Avvenire: la prima pagina di domani 8 febbraio. Nuovo governo tedesco, servizio civile obbligatorio, ipotesi condono edilizio

“Avvenire” sceglie di dare il suo titolo principale al nuovo governo tedesco, frutto di una grande coalizione guidata da Angela Merkel. L’accordo nel giorno in cui vengono diffuse le stime di crescita continentale. Il fondo è di Andrea Lavazza, uno dei capiredattori centrali, che si concentra sugli scenari europei: “L’operaio montenegrino spaventerà più o meno dell’idraulico polacco? L’Unione Europea che ora guarda ai Balcani, potenzialmente pronta a diventare “a 33” (perdendo Londra e guadagnando sei nuovi Paesi) entro il 2025, rischia di fare presto i conti non tanto con nuove ondate di lavoratori comunitari in movimento quanto con un gigantismo istituzionale difficile da maneggiare. Se il grande allargamento a Est del 2004-2007 era stata una svolta quantitativa e qualitativa, con l’inclusione del “secondo polmone” continentale, la possibile nuova apertura non avrà lo stesso impatto in termini politici ed economici.Dall’ingresso dei Paesi dell’ex Cortina di ferro è venuto un arricchimento, ma è sorto anche il “gruppo di Visegrad”, ostile ai flussi migratori e maggiormente sensibile alle sirene di Trump e a blande tentazioni autoritarie più che ai richiami di Bruxelles. Dalle piccole (e tra loro rissose) nazioni balcaniche, se si metteranno in linea con i requisiti comunitari per tutti i dossier aperti (diritti umani in primis), non verranno verosimilmente scossoni all’edificio europeo.
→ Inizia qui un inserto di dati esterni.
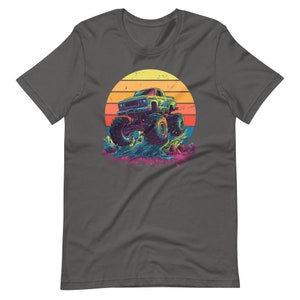 May include: Dark grey t-shirt with a colourful graphic of a monster truck jumping over a splash of water, set against a sunset. The truck is blue and green, with large tyres. The sunset has yellow, orange, and red stripes.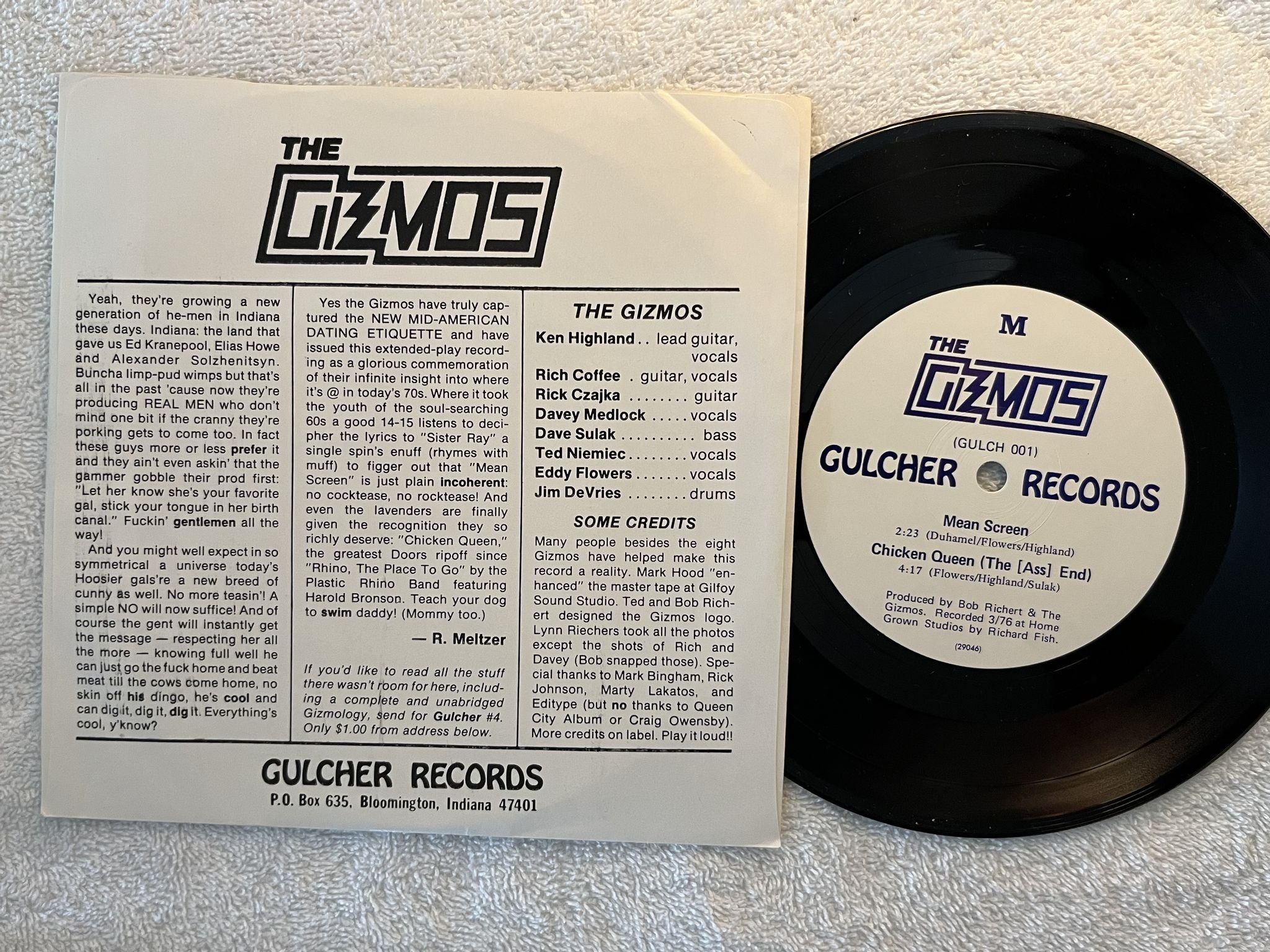 Omslagsbild för skivan THE GIZMOS Muff Divin' 7" -77 US GULCHER GULCH 001 ** PUNK ** blue text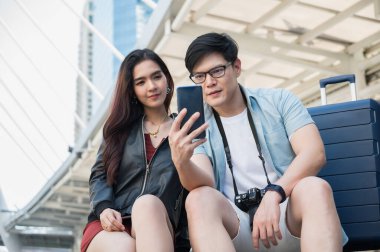 Gezgin bir aşık turistik yerleri bulmak için akıllı telefon kullanıyor. Seyahat, alışveriş ve tatil konsepti.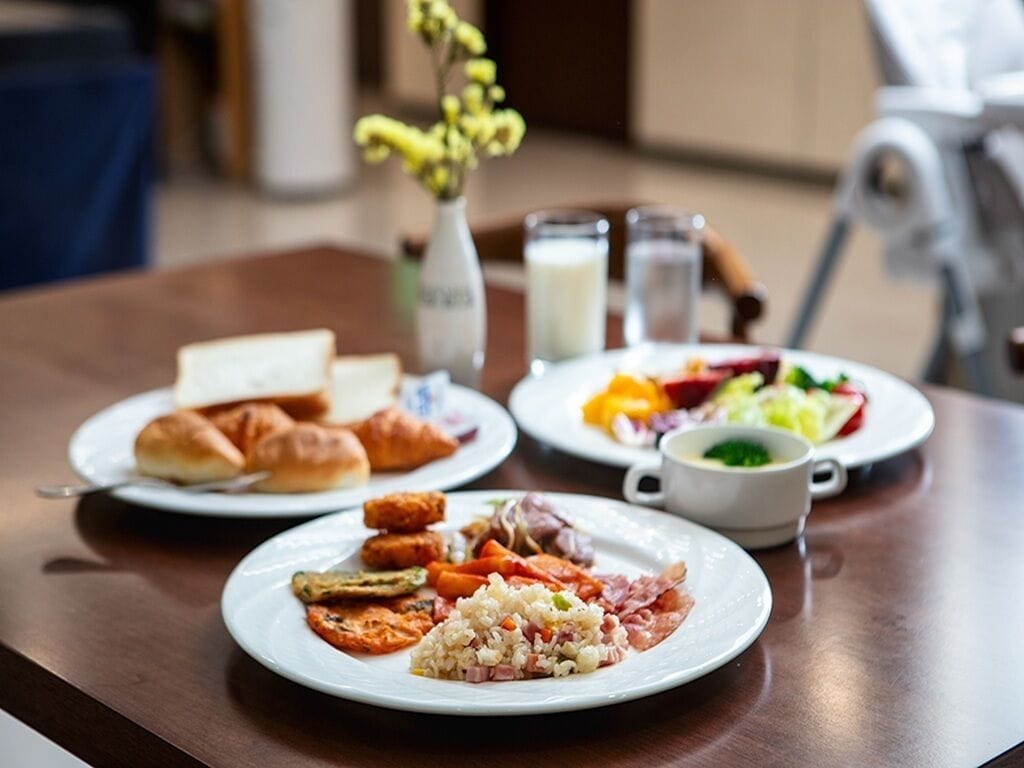 A breakfast table with plates of food, a vase with flowers, and a milk jug.
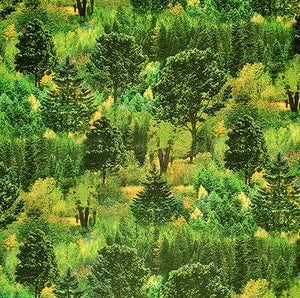 This digitally printed cotton fabric features a variety of packed green trees.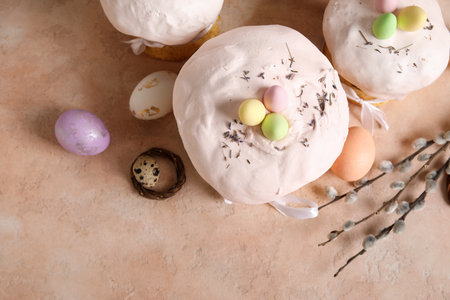 Composition with delicious decorated Easter cakes and painted eggs on color background. Top viewの写真素材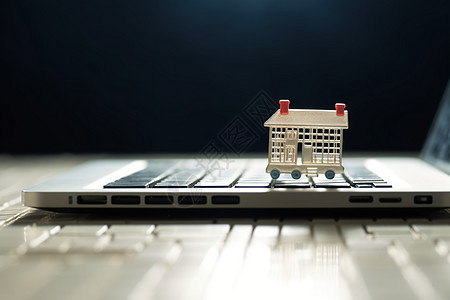键盘上的房屋模型背景图片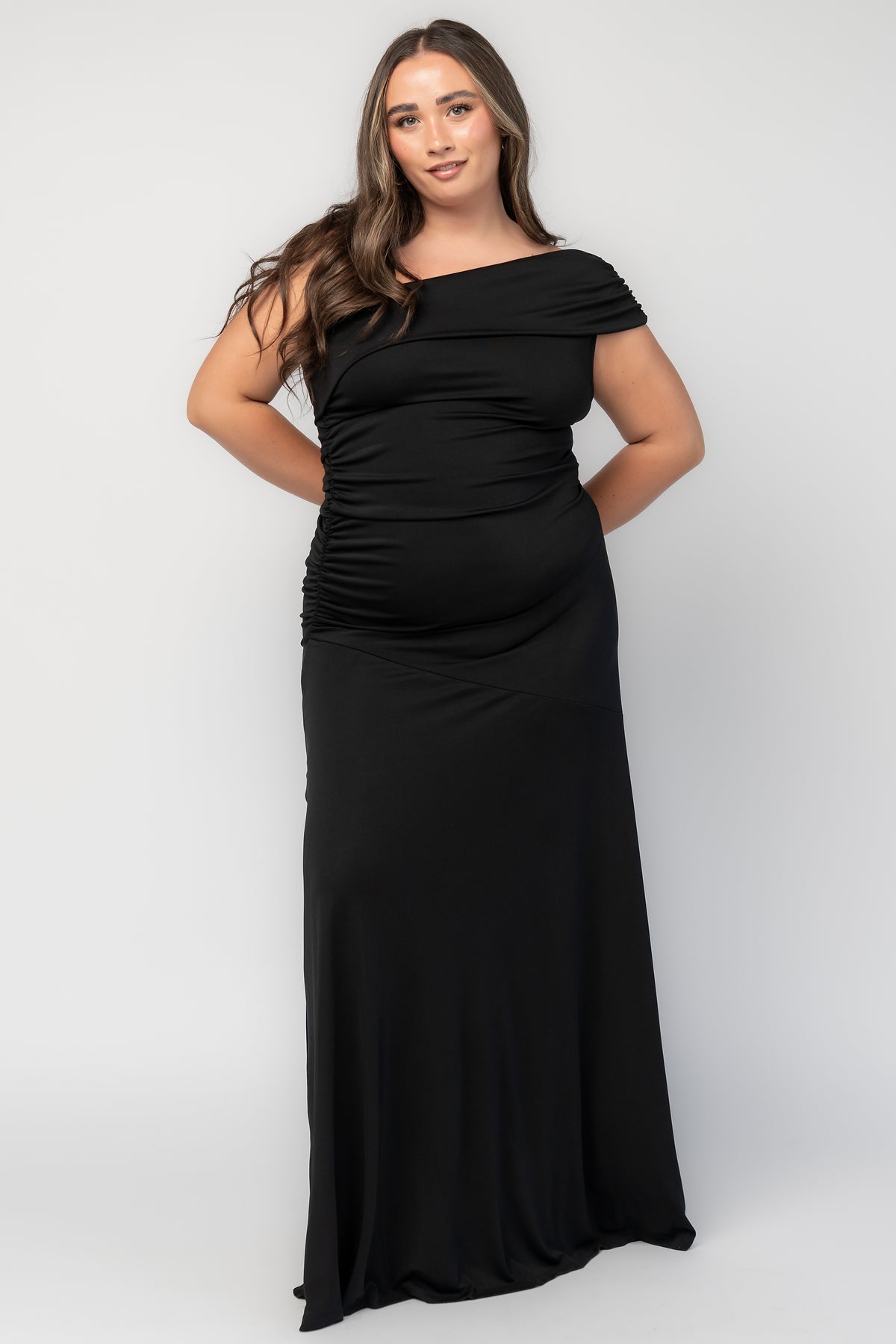Leon One Shoulder Gown with asymmetrical neckline, diagonal draping, side ruching, and fitted maxi silhouette.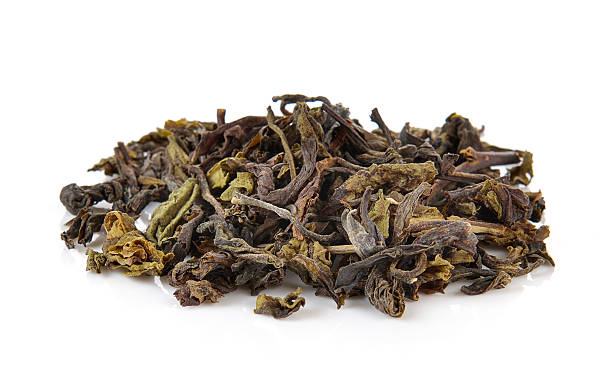 istock Heap of dry green tea isolated on white background 500564792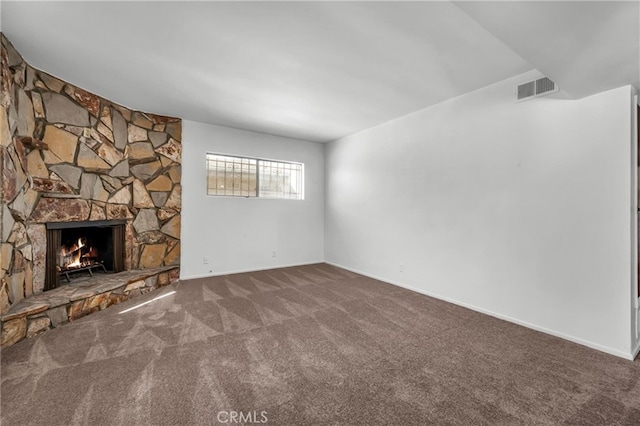 unfurnished living room with visible vents, carpet, and a stone fireplace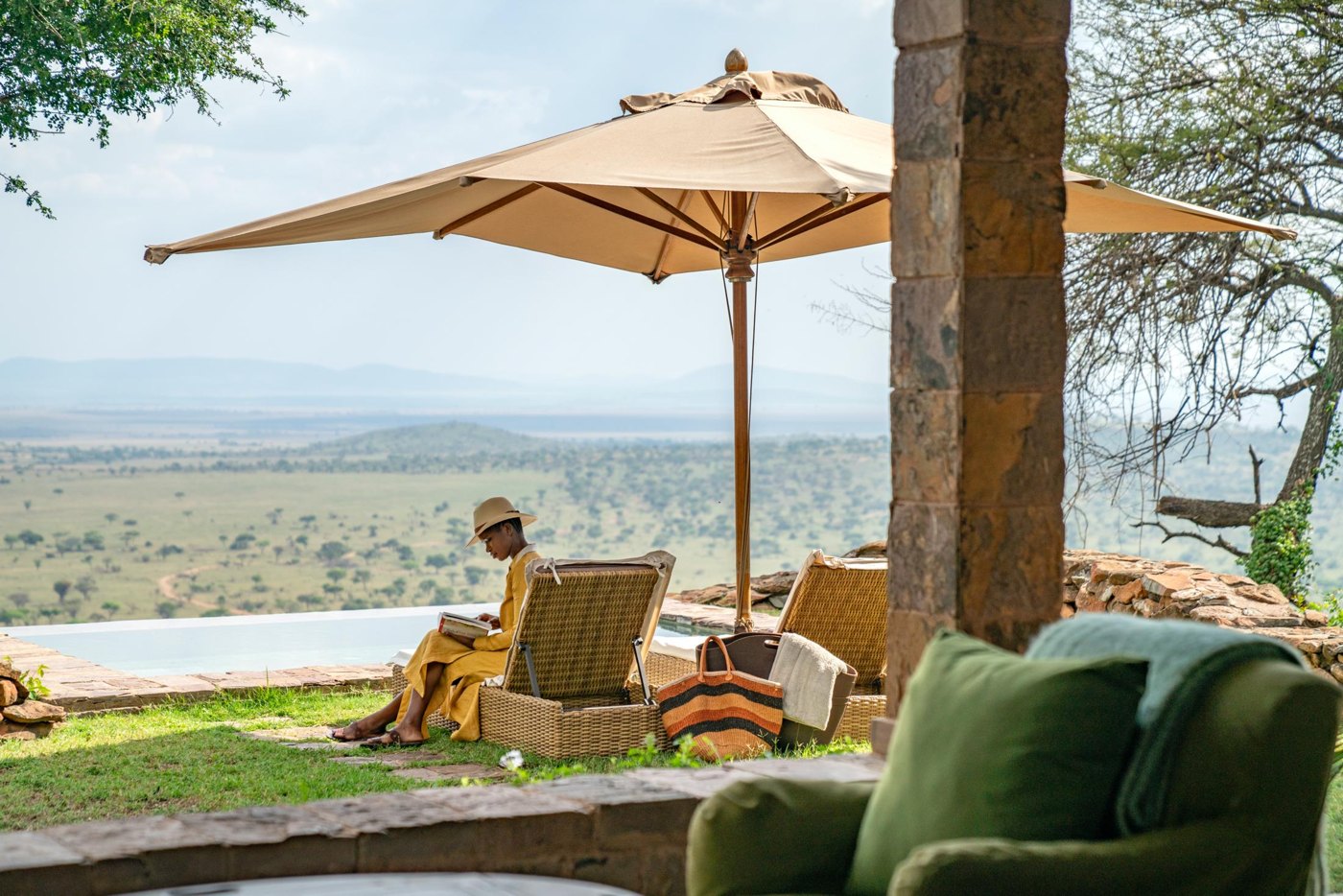 Singita Sasakwa Lodge — Private terrace seating with reserve views.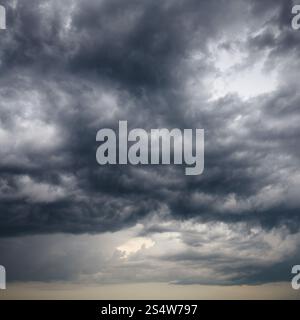 heavy low storm clouds in evening spring sky Stock Photo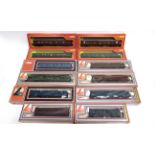 [OO GAUGE]. TWELVE ASSORTED COACHES & VANS by Tri-ang Hornby (4); and Lima (8), various liveries (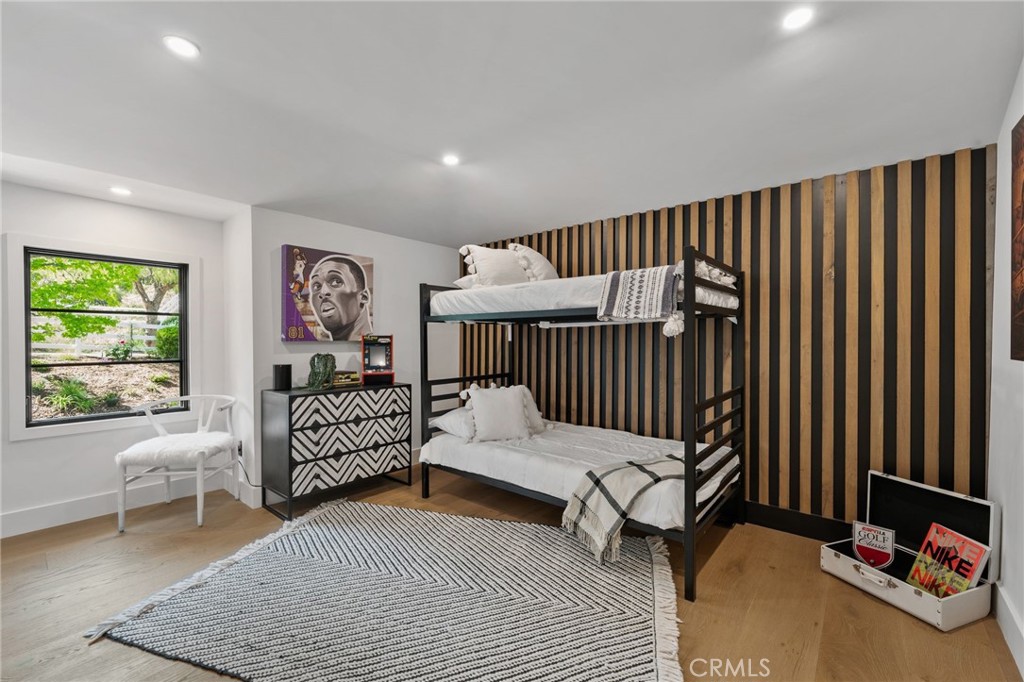 5510 Hoback Glen Road Hidden Hills, CA 91302 - Photo 41 of 60 a bedroom with furniture and a window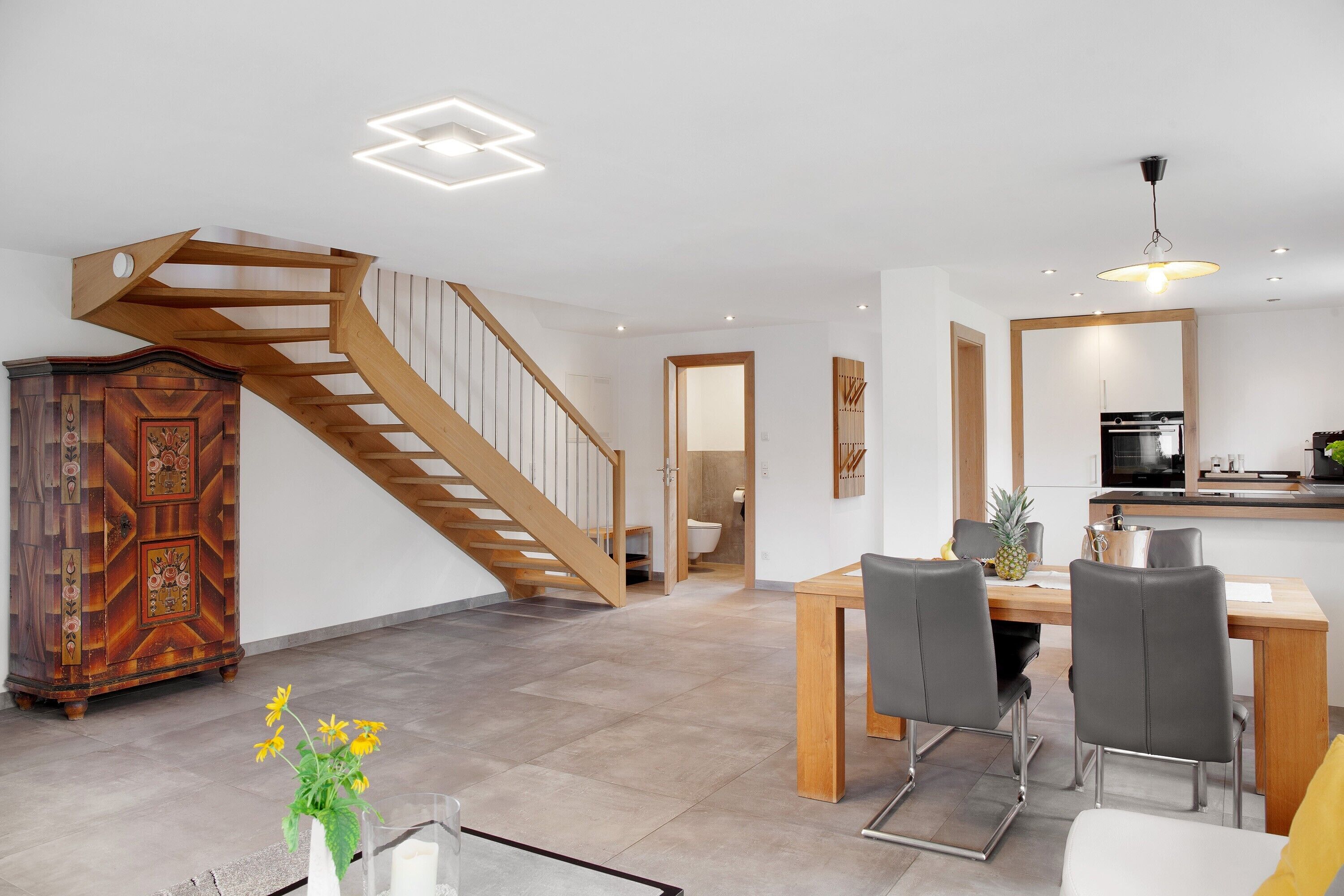 Un intérieur moderne avec un escalier en bois, un coin repas avec des chaises, une cuisine équipée d’un réfrigérateur et un meuble en bois.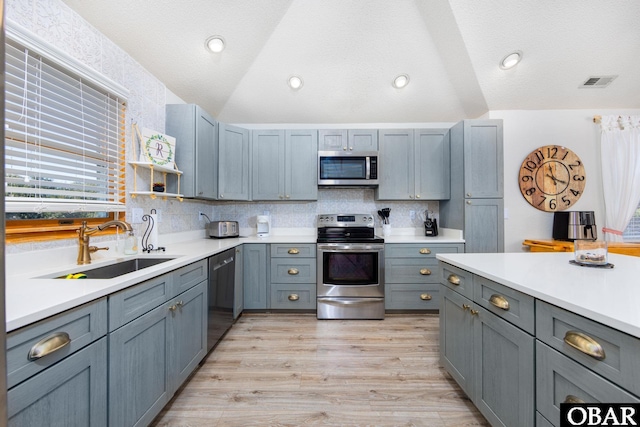 761 Bayberry Ct Lot 119, Corolla, NC 27927 - kitchen with stainless steel appliances, a sink, light countertops, decorative backsplash, and lofted ceiling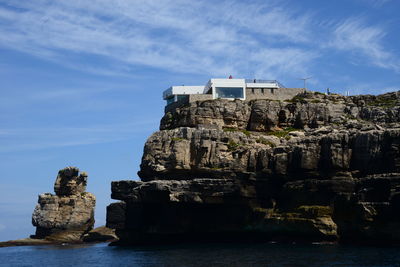 Rock formation by sea against sky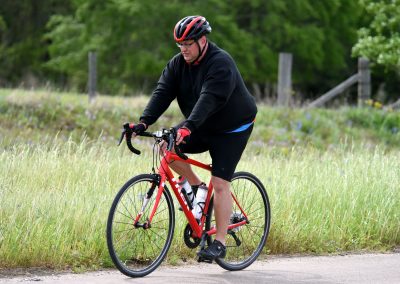 Man riding a red bike on a scenic trail in nature during daytime.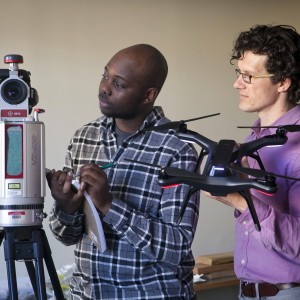 Civil engineering major Munyaradzi Chifetete '17 and Prof. Michael McGuire work with a LIDAR unit for 3D mapping.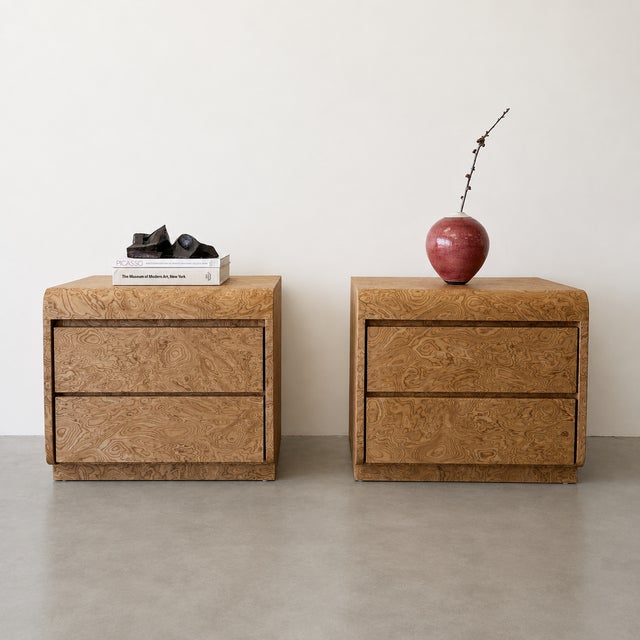 A striking pair of vintage 1970s Mid-Century Modern nightstands featuring richly figured walnut burlwood with beautiful...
L’avvio del lungo percorso (sancito martedì) ha tuttavia riportato sotto i riflettori le difficoltà di governo di una Unione che proprio ieri ha ritrovato il suo primo membro nella piena operatività politica, grazie all’accordo di grande coalizione e all’imminente varo del quarto esecutivo a guida Merkel”, argomenta Lavazza. La fotocronaca è dedicata alla proposta dell’Associazione nazionale alpini di introdurre un servizio civile obbligatorio a favore del Paese, un’idea che “Avvenire” aveva già caldeggiato. Il titolo di taglio è per la campagna elettorale: a dividere il centrodestra è ora l’ipotesi di un condono edilizio, avanzata da Berlusconi. In appoggio, l’inchiesta sulle principali sfide nei collegi uninominali: si comincia con Di Maio contro Sgarbi. Tra i “temi di Avvenire”, un commento di Fulvio De Giorgi, che difende la permanenza della parola “razza” nella Costituzione; un intervento nel dibattito sul debito pubblico; il richiamo a Popotus, il giornale dei ragazzi con le notizie degli adulti; ed “èvita”, l’inserto sui temi della ricerca medica e della bioetica.